Strawberry Rhubarb Dessert
A strawberry rhubarb dessert made with fresh garden rhubarb and strawberry gelatin. Serve this classic family favorite dessert for any summer celebration. Every time I make this recipe, my husband and son can’t wait for it to come out of the oven. You could just become the star baker in the house with this yummy dessert. Tangy rhubarb pairs so well with the sweet strawberry jello that you can smell it all over the house when it is baking. It is a classic combination of flavors that tasted great many years ago and still tastes great today. I am not sure how old this rhubarb recipe is, but I remember making it back int the early 1980’s. It could be much older than that but I do know this is one that has withstood the test of time. This dessert is tasty all on its own, but my family loves to have a few scoops of vanilla ice cream with it. It is best if the rhubarb dessert is still slightly warm when you serve it.
Also, please note that you do need to use regular strawberry gelatin with sugar in it for this dessert recipe. Please do not substitute sugar-free gelatin. It will make a difference in the sweetness and consistency of the finished product. The pieces will cut better if you let it stand for 10-15 minutes after removing it from the oven. If you cut it too soon, you will have ragged pieces, so it is best to wait a bit. If you are planning on making this as a dish to pass, make sure to keep it chilled.
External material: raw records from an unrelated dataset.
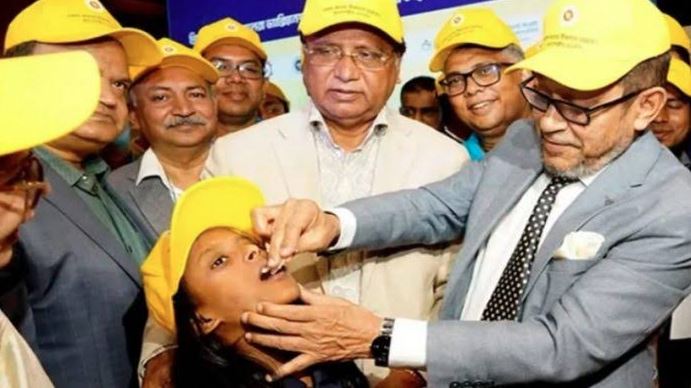Preventive oral Cholera vaccination campaign begins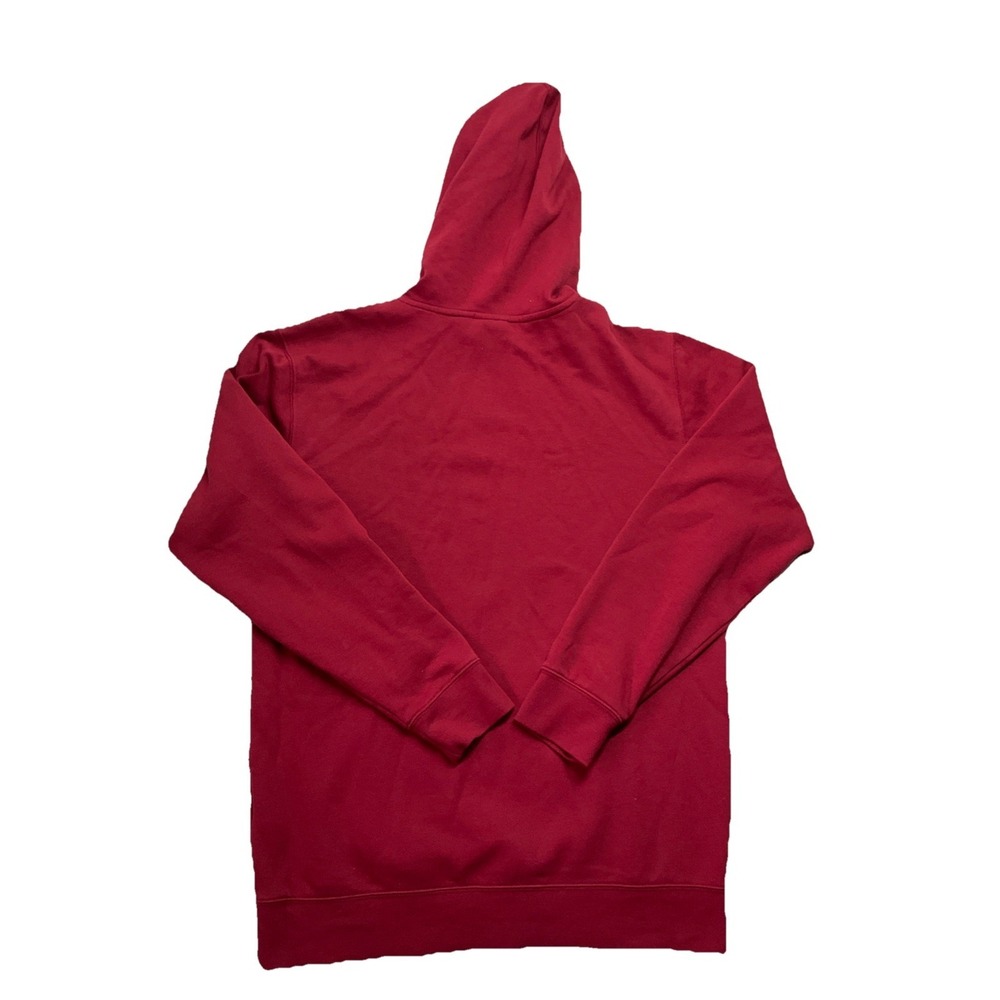 Vans Red Pullover Hoodie Mens Size Medium - Picture 6 of 7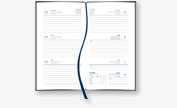 Kalendarze książkowe kieszonkowe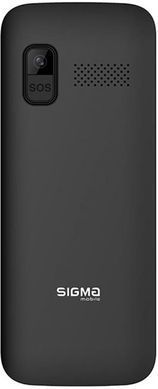 Мобільний телефон Sigma mobile Comfort 50 Grace Dual Sim Black (Comfort 50 Grace Black) [600313]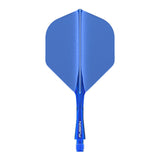 Winmau Fusion Integrated Flight & Shaft System Azure Blue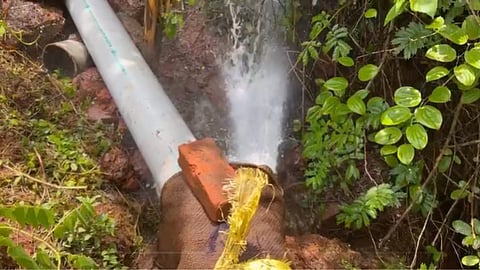 Pipeline Burst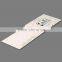 Newest custom design 4.3 inch arabic wedding cards/wedding invitation cards models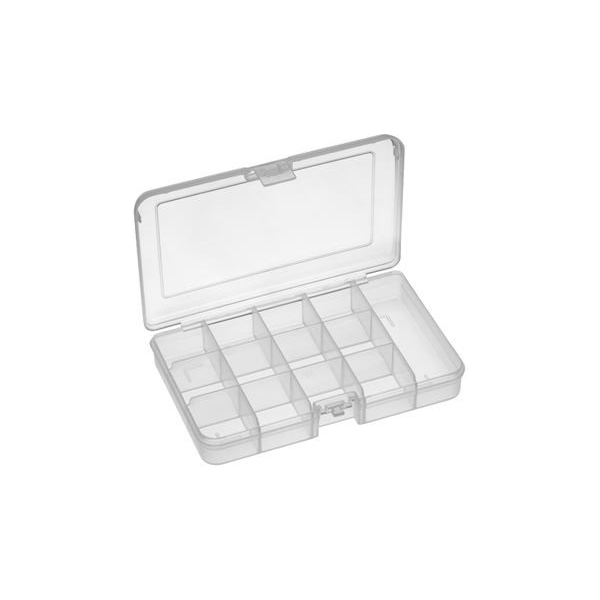 Panaro Polypropylene Tackle Box - 13 Compartimentos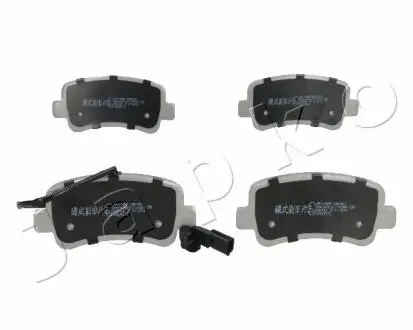 51108 51108 JAPKO - Гальмівні колодки до дисків JAPKO подбор по vin на Brocar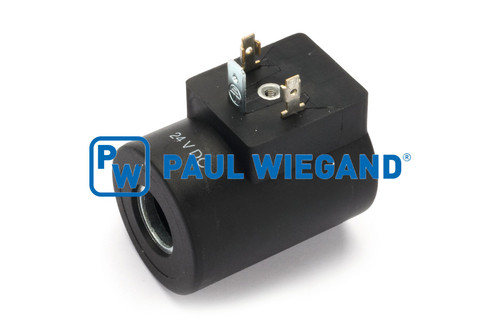 Magnetspule Geesink GPM III CV-Ventil D: 36.5 d: 14,2/18,8 h: 50 24VDC (02057088)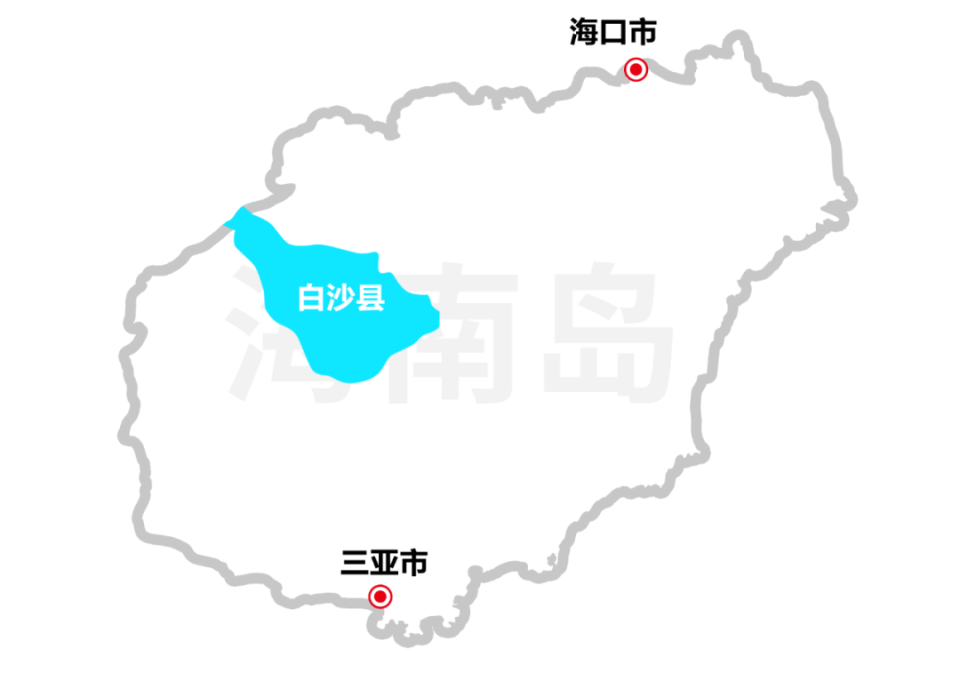 海南省乒乓球精英赛开战在即,先来白沙领略别样风光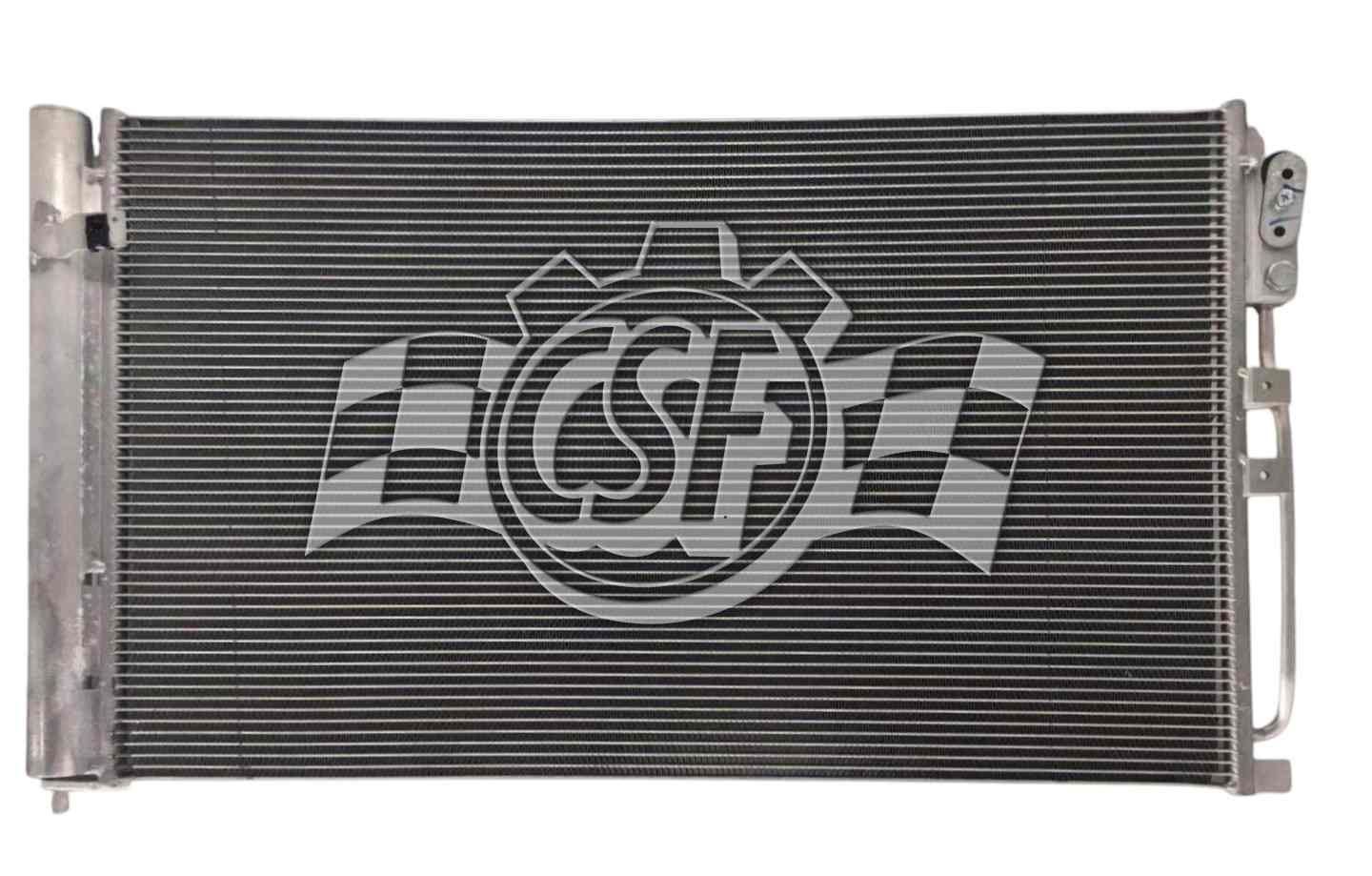 CSF A/C Condenser top view frsport 10917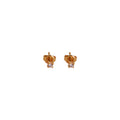 Mini Crystal Stud Tiny Earrings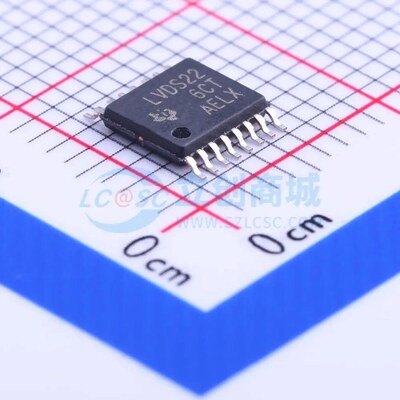 LVDS芯片 SN65LVDS22PW TSSOP-16 原装正品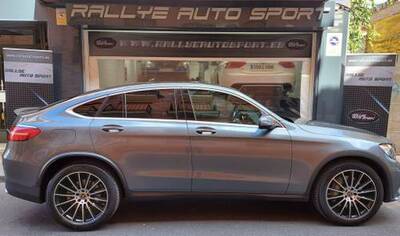 MERCEDES GLC COUPE 220 D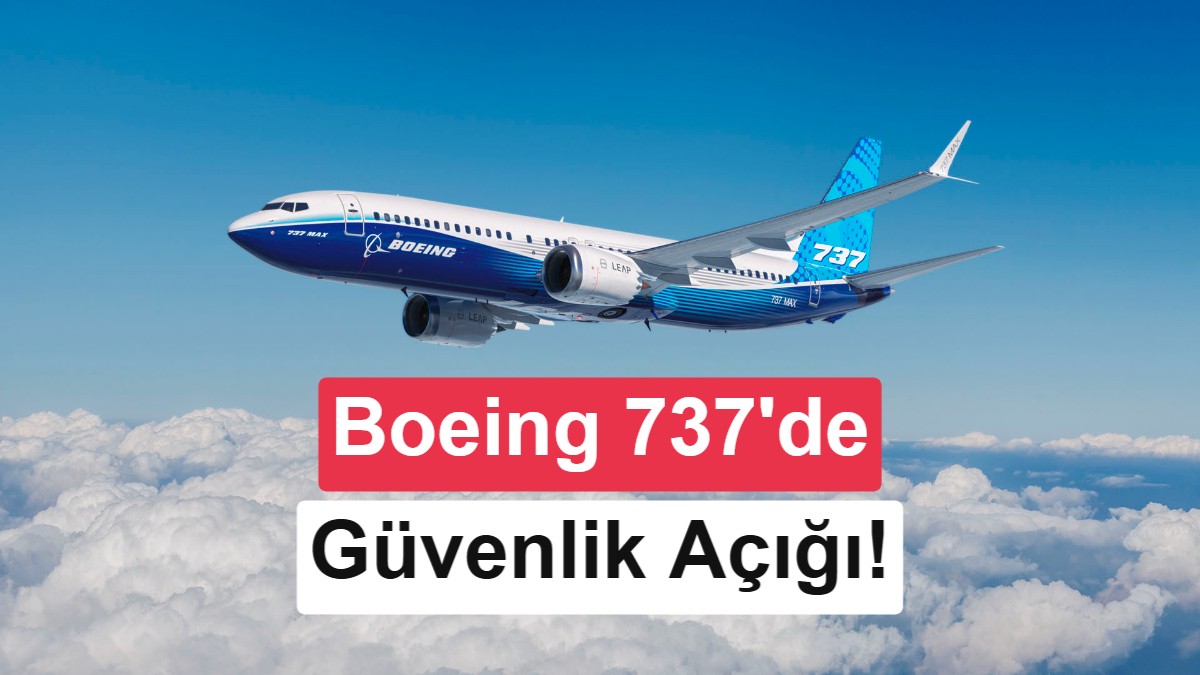 Madeni Para Büyüklüğündeki 100 Dolarlık Cihaz, Boeing 737'nin Sistemlerini Hackleyebiliyor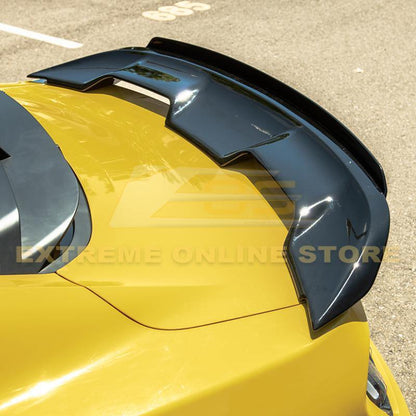 2015-23 Ford Mustang GT500 Wickerbill Rear Spoiler image 1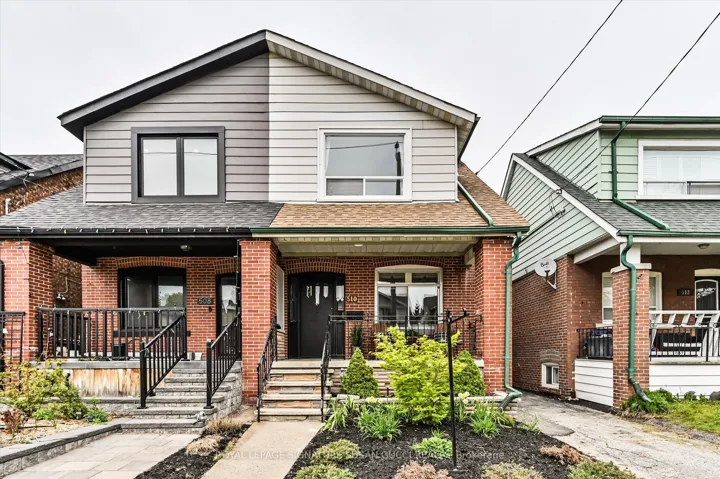 Charming curb appeal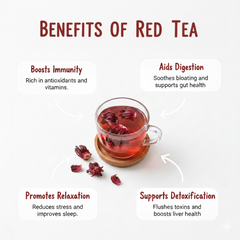 Auzma Red Tea - 100Gm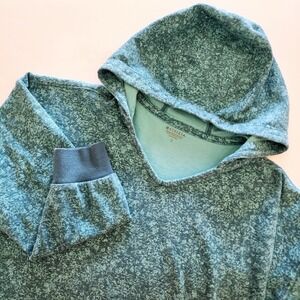 Athleta Sundown‎ Alliance Hoodie teal blue/green womens Size L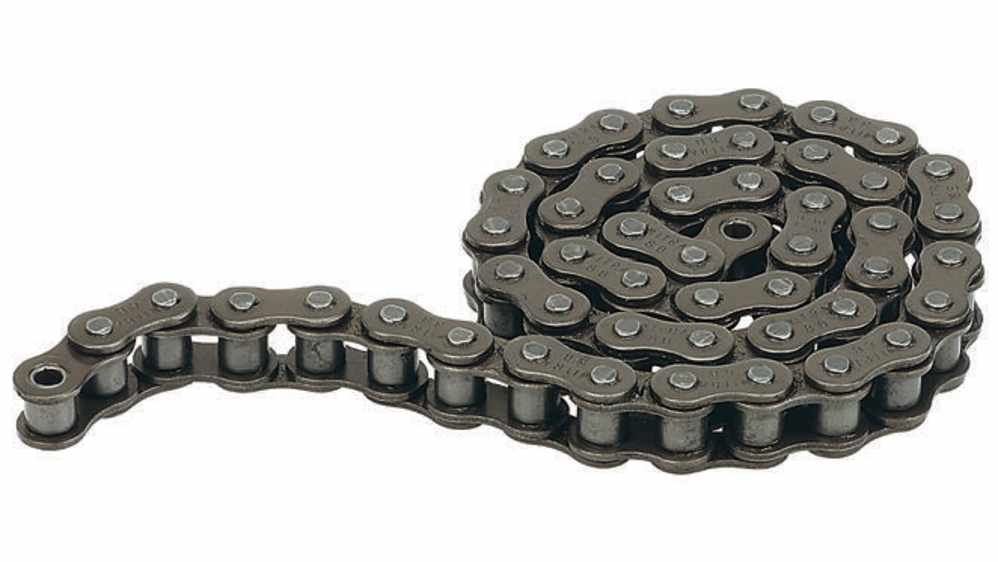 CW16B-1 | Witra ローラーチェーン 16B-1, 1 Strands 25.4 mmピッチ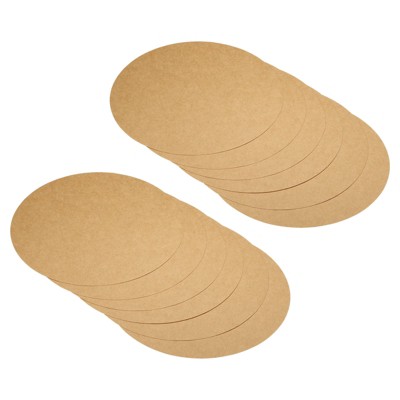 Unique Bargains Thickened Durable Neat Edges Kraft Paper 40 Pcs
Strawberry Rhubarb Dessert Recipe
- 2 cups all-purpose flour
- 2 heaping Tablespoons granulated sugar
- 2 teaspoons baking powder
- 4 Tablespoons butter or shortening
- 2 beaten eggs
- 2 Tablespoons milk or more to make a tight dough.
- 6 cups fresh rhubarb, cut into ½" pieces
- 2-3 ounce boxes strawberry gelatin (DO NOT buy sugar-free)
- 2 cups granulated sugar
- 1 cup butter, softened
- 1 cup all-purpose flour
- Preheat oven to 350 degrees.
- Spray a 9" x 13" glass baking dish with non-stick vegetable oil cooking spray. Set aside.
- Mix the flour, granulated sugar, baking powder, butter, eggs, and milk together with a pastry cutter to form a tight dough. Mix as for biscuits.
- Press dough evenly into glass baking dish.
- Cover with fresh cut rhubarb.
- Sprinkle 2 packages strawberry gelatin over the rhubarb.
- To make the topping: In a medium sized bowl, combine the sugar, butter, and flour and mix into a crumb mixture. Add a tablespoon more flour if necessary to make it crumbly.
- Sprinkle topping evenly over the rhubarb and gelatin.
- Bake uncovered at 350 degrees for 45 minutes.
- Remove and let stand for 10-15 minutes.
- Serve warm or cold. Refrigerate leftovers.